Sta-209-04 (Spring 24) Homework #6

From the Introduction to Modern Statistics (IMS) textbook, complete the following exercises:

Ch 13.8 Exercises: #2 (skip part B-i), #4
Ch 19.4 Exercises: #8, #13, #16, #21 (complete part B only)

Also complete the additional question given below:

Question #1: The data below are a random sample of \(n=5000\) claims made against the US Transportation Security Administration (TSA). To provide some background, a claim is a formal request for compensation due to damages. People make claims against the TSA when their personal property is stolen or damaged, or when they are injured by TSA processes. If the claim is approved or settled, the TSA pays an amount of money, the close amount, to the individual who made the claim.

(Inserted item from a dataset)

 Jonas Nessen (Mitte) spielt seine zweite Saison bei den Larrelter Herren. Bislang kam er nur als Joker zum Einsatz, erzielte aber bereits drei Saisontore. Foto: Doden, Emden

tsa = read.csv("https://remiller1450.github.io/data/tsa_small.csv")

Part A: Filter the tsa data set to only include claims on the following items: "Cell Phones" and "Computer - Laptop". Then, create a new binary variable “Denied” that records whether a claim was denied or not using the mutate() and ifelse() functions. Store your results in a new data frame and use them throughout the remainder of this question.
Part B: Calculate a point estimate using the sample data from Part A of the odds ratio comparing the odds of a claim on a computer/laptop being denied with the odds of a claim on a cell phone being denied.
Part C: Use R to find a 95% confidence interval estimate of odds ratio described in part B.
Part D: Based upon your interval from Part C, are you confident that the TSA is more likely to deny claims made on laptops than it is to deny claims made on cell phones? Briefly explain.
Part E: Filter your data from Part A to only include claims that were less than 1000 dollars (in claim amount) and were not denied. Store the results in a data frame to be used in Parts F and G.
Part F: Fit a single variable linear regression model using the predictor Status to model the outcome variable Close_Amount. Find an interpret a 95% confidence interval estimate using the coefficient of the re-coded variable StatusSettled. Can you be confident that settled claims provide payments that differ from approved claims?
Part G: Fit a multivariable linear regression model that predicts the outcome variable Close_Amount using the predictors Status and Claim_Amount. Find an interpret a 95% confidence interval estimate using the coefficient of the re-coded variable StatusSettled. Does this interval lead you to a different conclusion about the payouts of settled claims vs. approved claims when compared with your results from Part F? If so, explain what is different. If not, briefly explain why.